3) I come in and see the dirty dishes that she has left and I get very annoyed and start slamming dishes into the dishwasher. She comes in and sees me doing them. I start to talk to her about doing her dishes again. She tears them from my hands and does them herself because she thinks it is stupid of me to get upset.
4) I feel bad and so I help her and we do them together.
5) I think that I could change the conflict by going and asking her nicely to do her dishes instead of just starting to do them and then get mad at her when she comes out so that way, she does them and I feel better about myself and her.

Negative:
1) who gets to take the car.
2) I get offensive and think that it is my turn to take the car but then she gets irritated back because she is the older one and should be taking the car anyway.
3) I want to take the car somewhere and she does as well and so we both fight about it, both thinking that we are the right one.
4) Mom has to get involved and someone ends up angry.
5) I think I could have helped with the conflict by trying to come up with a compromise or something where we both win and Mom doesn't have to get involved.

I think that by doing this exercise, I am able to see that there are some rituals that we, as sisters have, that work when we get into arguments and sometimes, there are better ways to handle a difficult situation. I know that from this exercise, I can make any situation a positive one if I think of a new way to handle our "ritual."

Saturday, November 28, 2009

chapter eight- invitation to insight (your relational transgressions)

Chapter 8- invitation to insight (your relational transgressions)

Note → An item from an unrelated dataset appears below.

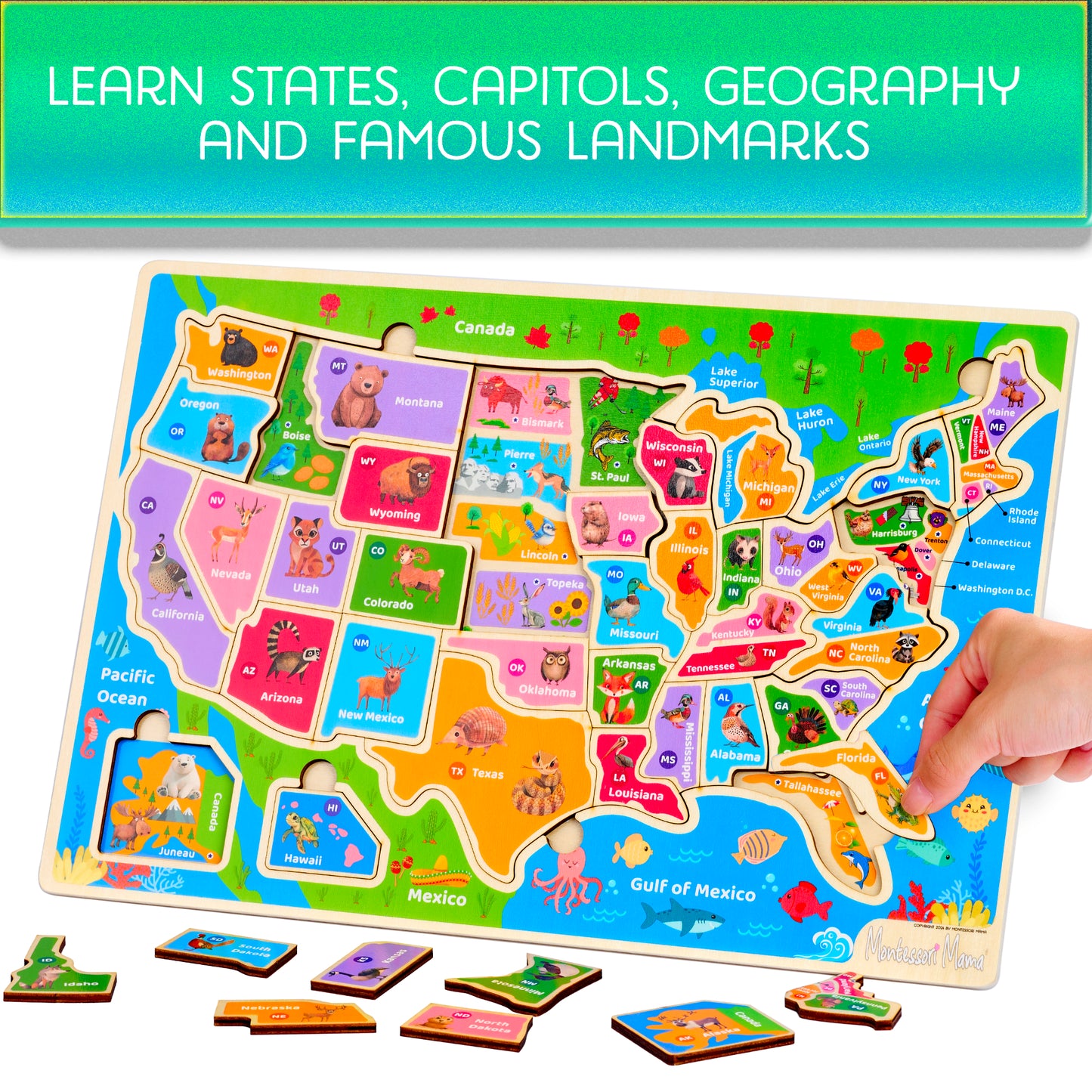 World & USA Map Puzzle Combo – 2 Wooden Educational Puzzles for Kids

One day, my sister, Caitlyn, was texting this boy that I liked. She knew that I kind of liked him but not that I really did. I got angry with her about texting him when she knew I liked him. She got angry because he was her friend first and she said that she had a right to text him if she wanted. We fought about it and I decided that I was wrong to do what I had. It was a one-time event but it was pretty significant in our relationship because we were fighting over some very minor but it seemed pretty important to us. We talked about it and she knew that I had to repair the transgression that I had made, the fight that I had caused over something so minor but seemed significant to us.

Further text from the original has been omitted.